Generally speaking there are three stages of recognition for a musician: first the fellow-musicians start the bandwagon rolling, then the critics, and finally the fans. Thad passed the first barrier in May 1954, when a job with Count Basie landed him in the big time, and passed the second when in the summer of 1956 the Down Beat critics’ poll awarded him the palm as the year’s new star on trumpet. With the release and enthusiastic acceptance of such records as Detroit-New York Junction on Blue Note BLP 1513, he has successfully stormed the third bastion.

As on this last-named record, Thad is again teamed here with Billy Mitchell’s tenor saxophone to give his combo a powerful two-man front line. Mitchell, who led the band in which Thad was a sideman at the Bluebird in Detroit a few years back, has now completed two tours, one in the middle east and one in Latin America, as part of Dizzy Gillespie’s big State Department-sponsored band.
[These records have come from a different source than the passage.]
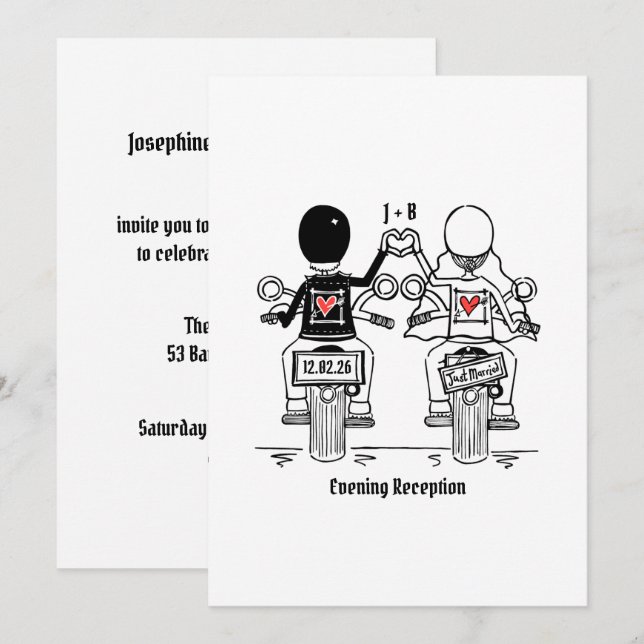 Convites Recepção de Noite de Casamento de Motoqueiro (Frente/Verso)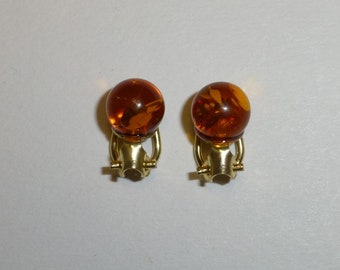 Earrings amber balls silver gold, gemstone earrings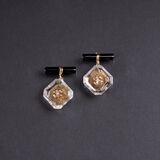 Paar Gold Cufflinks with Crystal and Onyx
The rhythm section has changed since the last LP. Barry Harris is a young pianist from Detroit who recently replaced the late Richie Powell in Max Roach‘s group. Percy Heath, no stranger to Blue Note customers, means as much to the bass in modern jazz as Max Roach to the drums, which means that any further elaboration would be redundant.
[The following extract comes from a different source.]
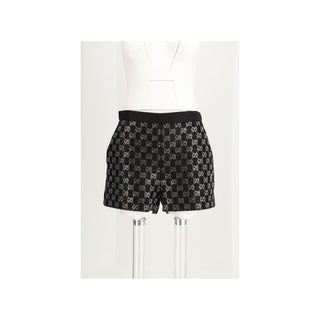 Black Viscose Bermuda Shorts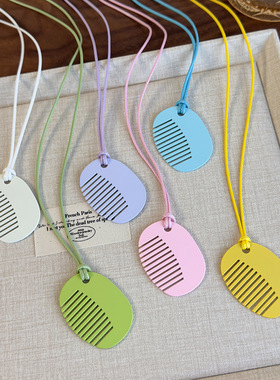 夏日多巴胺~彩色圆梳子挂脖项链2025新款长款卫衣链小众ins风配饰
Thad was clearly in excellent spirits and in wonderful condition when this session was recorded. Though it is a painfully materialistic thought, it must be admitted that the greatest hornman alive will not operate at his optimum if his lip is chapped, if he just arrived on the bus from Ephrata, Pa. after a one-night stand, or if some member of the accompanying unit is bugging him. The fact that Thad was happy when he cut these sides shines through as clearly and brightly as the bell of his horn.

April In Paris reminds me of a remark I made in the notes for BLP 1513, as follows: “For those whose picture of Thad is conceived in the memory of that everlasting Pop Goes The Weasel quote on April in Paris, his First Blue Note LP may come as an ear-opener.” Well, Thad has now made me swallow my words, by making a new version of the Vernon Duke standard, Weasel quote and all, and doing so much with it that the Basie treatment is soon forgotten.

Ingenious use is made of a low G on the piano that serves not only as a dominant note in the introduction (literally, it turns out, though at first hearing you can’t be sure whether the piece will turn out to be in G, C, B Flat or what) but is used in the course of the routine, along with Max’s smooth brush rhythm, as a bridge between solos. Billy Mitchell has the release of the first chorus, but the performance is substantially Thad’s, unfettered by any background figures, orchestral interweavings or any of the factors that tend to run interference for him in a more elaborate setting. This is not meant as any criticism of the Basie band, to which the adjective “magnificent” can be applied with equal vigor; it is just that there is in any top-ranking large jazz orchestra too much solo talent, and too much writing, for everything and everyone to get the kind of chance for personal expression that Thad deserves. I won’t go into intricate details about his three choruses on April In Paris here beyond pointing out that the qualities he has shown in earlier works – tonal zest, variety of phrasing, continuity and ideation – are enhanced by a superlative recording job that makes his presence immediate.

Billie-Doo is a wry, sneaky blues theme in which Thad, Billy and Barry Harris take solos in that order. Percy Heath follows, with Harris’ crisp chording offering substantial assistance. Thad returns, with the tenor rifting contrapuntally against him; at the end of this 12-bar stretch Max’s break soars into a closing dozen that ends with a powerful smear.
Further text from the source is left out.